Выслав вперед разведчиков, мы продолжали двигаться дальше в горы. Шли уже по снегу, окутанные туманом. Ночевали прямо под открытым небом. И без того скудные запасы сыра и мармелада (другого у нас ничего уже не было) делили на крохотные порции, так как на пополнение запасов в ближайшее время рассчитывать не приходилось. Мы понимали, что стойко должны выдержать все трудности — ведь нас ждала родина! В этих условиях очень выросло значение политико-агитационной работы, проводить которую приходилось уже не ежедневно, а почти ежечасно. В один из вечеров мы занялись неприятным для нас делом: с болью в сердце сожгли свои партизанские удостоверения, так как в случае, если бы нас захватили, наличие их в карманах означало бы для нас верную смерть.
Густой снег и туман сильно затрудняли наше продвижение. Чем выше поднимались, тем холоднее становилось. Хотя мы днем и ночью находились под открытым небом, никто из нас не заболел, даже насморка не было. Вскоре мы встретили советского партизана, который привел нас к своим. Оказалось, что мы находимся в районе, контролируемом партизанами.
Оружия у нас до сих пор на всех не хватало. Те, у кого были советские автоматы, являлись, так сказать, нашей основной ударной силой. К нашему удивлению, советские партизаны предложили нам присоединиться к ним, чтобы совместными усилиями прорвать кольцо немецкого окружения. Если же мы этого сделать никак не можем, тогда они просят отдать им наше оружие. Поскольку нам из Центра было приказано двигаться в Венгрию, мы решили поделиться с советскими товарищами оружием, считая, что нам Центр еще успеет его перебросить.
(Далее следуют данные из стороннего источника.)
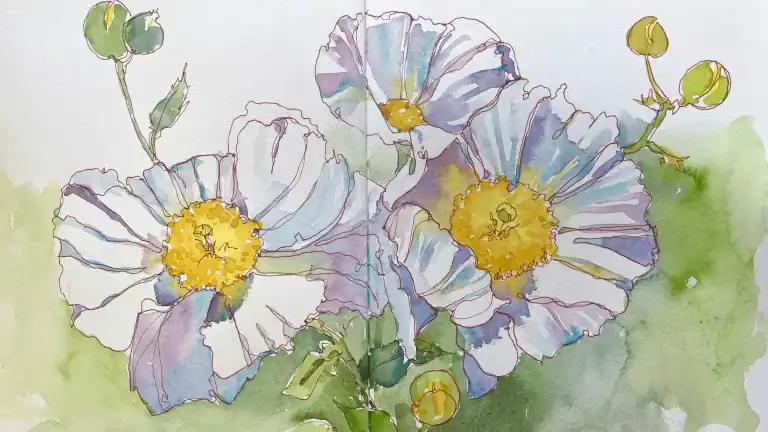 Matilija Poppies Quick Sketch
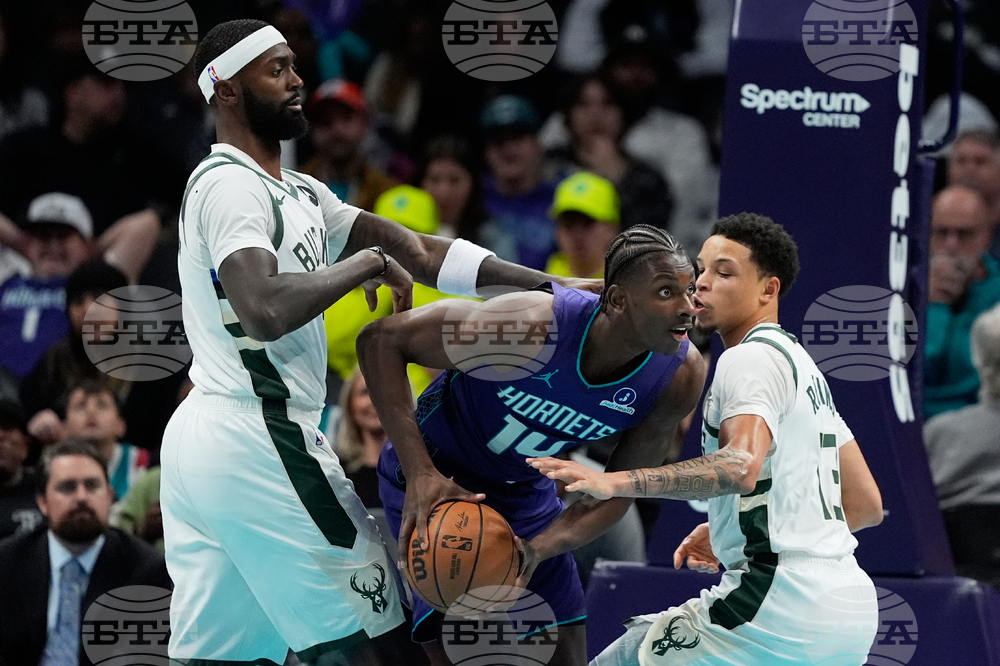 Bucks Hornets Basketball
Прощаясь, мы по-братски пожали друг другу руки. Наша и без того немногочисленная группа стала еще меньше (несколько товарищей перешли к русским), да и оружия поубавилось. Впереди у нас еще двое суток пути, и тогда мы будем у цели. Жалко только, что наши надежды на получение оружия не оправдались.
Эти двое суток всех нас основательно вымотали. Ребята, правда, молчали, но по их лицам было заметно, что каждому из них хотелось задать командиру вопрос: «Мы опоздали выйти в указанное нам место ровно на неделю. Что с нами будет, если вторая часть нашего отряда не дождалась нас и ушла?» Мы шли по совершенно незнакомой местности. Других партизанских групп здесь не было. С местным населением мы в контакт не входили.
В конце концов нужно было принимать какое-то определенное решение. Партизанская борьба тоже имеет свои законы. И горе тому, кто их переступит! Рисковать можно и нужно, но только в том случае, если есть надежда на выход. Без этого не может быть победы. Однако полагаться на волю слепого случая и рисковать жизнью двадцати людей равносильно пустому трюкачеству. Поэтому я, как командир, принял решение группой или поодиночке присоединиться к первому попавшемуся партизанскому отряду. А позже перед нами, возможно, поставят новое задание, выполняя которое мы продолжим борьбу за свободу нашего народа, против фашистских захватчиков».